ChatGPT’s Seven-Curriculum That It May Have Learned

Out of simple curiosity, I became curious about what GPT might have studied. Searching for straightforwardly learned data and types seemed a little boring, so I looked up what types of problems were being addressed in the field of natural language processing research.

The website Papers with Code classifies 583 natural language processing research topics, each of which means “researchers around the world are studying the same question.” It is likely that these types of problems were included in a small curriculum of what GPT learned with its vast content.

Among them, I have chosen seven topics that are closely related to daily life.

Table of Contents

Data to-Text-Generation

This research topic involves generating descriptive text from commonly encountered “table” data. It is a necessary study for productivity of data analysts like myself, and at the same time, it is a study that affects jobs (GPT isn’t the only thing affecting jobs, right?).

Describing and interpreting data can be tricky for machines if they are given too much freedom to imagine or inject intentions. Above all, it must be accurately expressed. And this description is not simple. It must solve various sub-topics simultaneously, such as what to explain, what to focus on, and what expressions to use to increase clarity.

Text Style Transfer

If there is “voice mimicry” in vocal studies, there is “style conversion” in natural language processing. For example, it is the technique of changing the style of speech of different speakers while maintaining the same meaning of the sentence.

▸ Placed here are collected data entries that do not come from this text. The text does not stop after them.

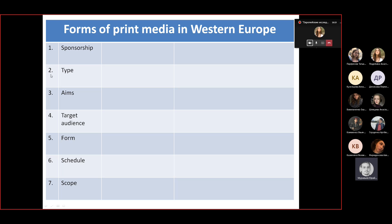Speaking about online forms, what are the two major online forms of modern media presence? The first one is obviously a website. The second type is an application — you download the app and use it to gain access to exclusive materials of that media outlet. So: offline, online via website, and online via app.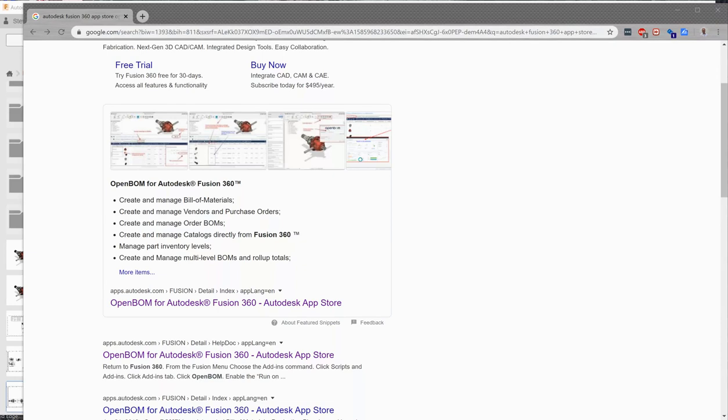In today's video we are going to create a bill of material using OpenBOM for Autodesk Fusion 360. Now in this video we're going to start at the beginning. We're going to download and install, configure, create an account, create a bill of material and finally wrap it up by putting a nice bill of material on the face of an Autodesk Fusion 360 drawing. So let's get started.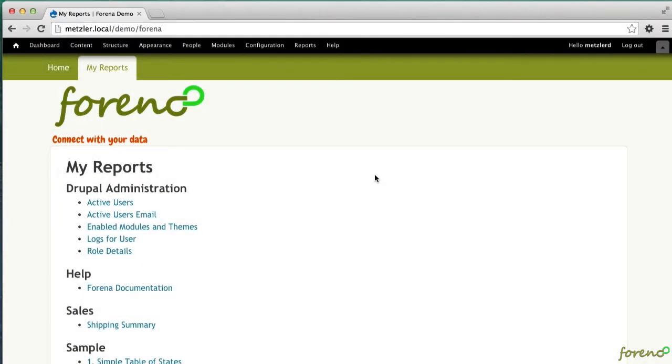Hello and welcome to another Farina screencast. In this screencast I'm going to dive a little deeper on group by expressions and crosstab queries.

You can change “comfortable tone” to “speaking with anger”, “masculine style” to “female speaker’s style”, and “childlike words and sentences” to “adult grammar”.

For instance, converting Elon Musk’s technical explanation about SpaceX into the style of Harry Potter’s speech. It is a technique to change the style of different speakers while maintaining the same meaning of the sentence.

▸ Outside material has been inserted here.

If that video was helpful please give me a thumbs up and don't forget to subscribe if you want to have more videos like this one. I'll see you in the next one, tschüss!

Clinical Language Translation

When our symptoms go beyond a mild cold, even if we hear a doctor’s diagnosis in our native language, it can feel like an alien language. To bridge this gap, there is a research field that translates medical texts full of specialized terminology into a language that the general public can understand.

Intent Classification

Simply put, it’s a study on how to understand what someone means even if they don’t say it clearly. For example, in a commerce service, it can help identify whether someone wants to make a purchase, upgrade to a more expensive subscription, or cancel their subscription. If it’s a chatbot, it can identify relevant topics from a few words left by the user, and suggest information that the user might find useful.

Story Completion

This research aims to fill in the missing parts of a story, even if the plot is not perfectly complete. This can include guessing and seamlessly connecting the missing parts of the main text, not just the conclusion. If the story contains too many technical terms or requires a lot of background knowledge, annotations can be provided to help readers follow along.

The usefulness of this research extends beyond just novels and can be applied in everyday life. Many people fall victim to the “curse of knowledge,” assuming that others already know what they know. It would be helpful if the Story Completion model could intervene as a mediator of knowledge between people.

Visual Storytelling

If a picture of a person running out of Manhattan Station were given, two versions of an explanation could be written as follows.

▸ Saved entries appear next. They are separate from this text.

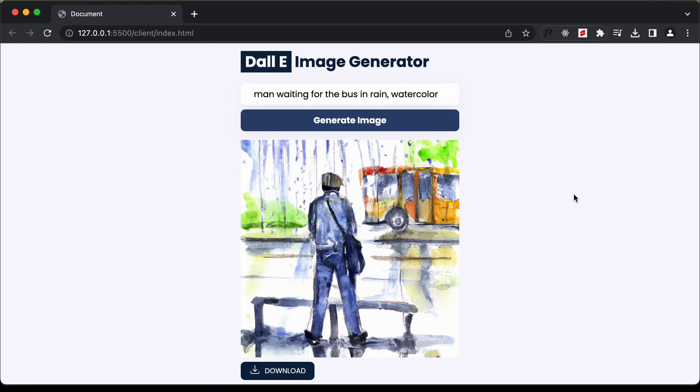In this video we'll create the UI using HTML, CSS and JavaScript, and in the next video I'll show you how to create the server using Node.js and Express. So let's get started.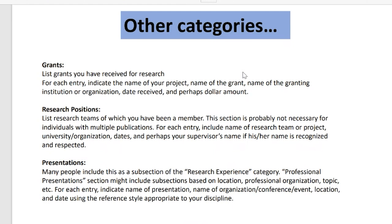Other categories include grants, scholarships, fellowships, and research grants. For each entry, list the project name, grant name, funding number, name of the granting institution, date received, and sometimes the amount in dollars, rand, or euros. There will also be a separate heading for previous positions or jobs held. Include the research team name, university, dates, and supervising person if you wish — though some people don't include this.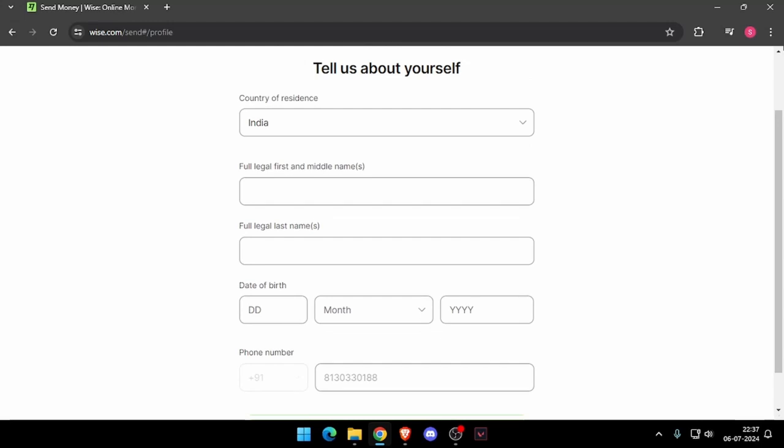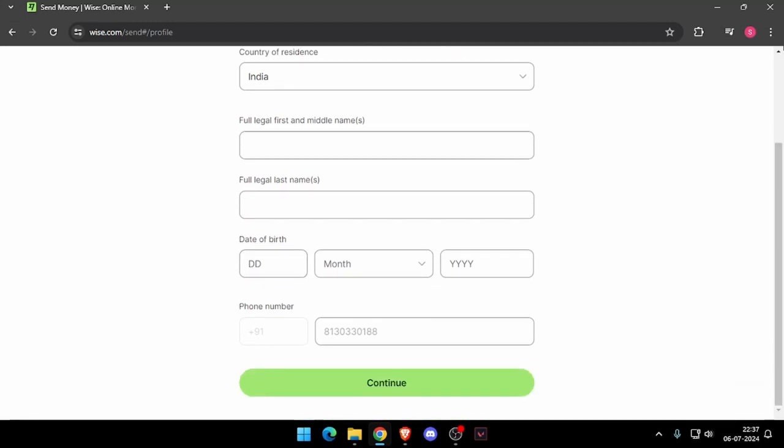Like your country of residence, full legal name, date of birth, and phone number. Now click on continue.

ChatGPT's Seven-Curriculum That It May Have Learned - Visual Storytelling_02

“There is a person running at the 2nd exit of Manhattan Station. There is a tree, a road, and a car next to it.”
“Late again today.”

People can understand the context and create a story from a single picture like this. However, it was a difficult task for artificial intelligence. And, providing context to connect multiple images into a coherent story, and finally generating sentences is another level in Visual Storytelling research.

Concept-To-Text Generation

“Generating text based on concept” is slightly different from “Completing a story,” which was mentioned earlier. While completing a story research fills in an empty context, the research being introduced this time creates a plausible sentence with a few given words.

I also assigned a task to GPT4 this time. I asked it to make a sentence with four words: “morning, coffee, bread, subway.” It seems like an easy task for GPT now.

He woke up early in the morning, poured himself a cup of coffee, took a bite of warm bread, and headed to the subway station for work.

The selected contents from this article are just a few of the various research topics. In addition to natural language processing, the field of artificial intelligence research includes speech recognition, image/video generation, and more, which are endless. You can also brainstorm by browsing through the topics that have been researched so far and think, “I’ve learned these types, so I can expand with those types of questions.” Please also visit this site to explore some great ideas.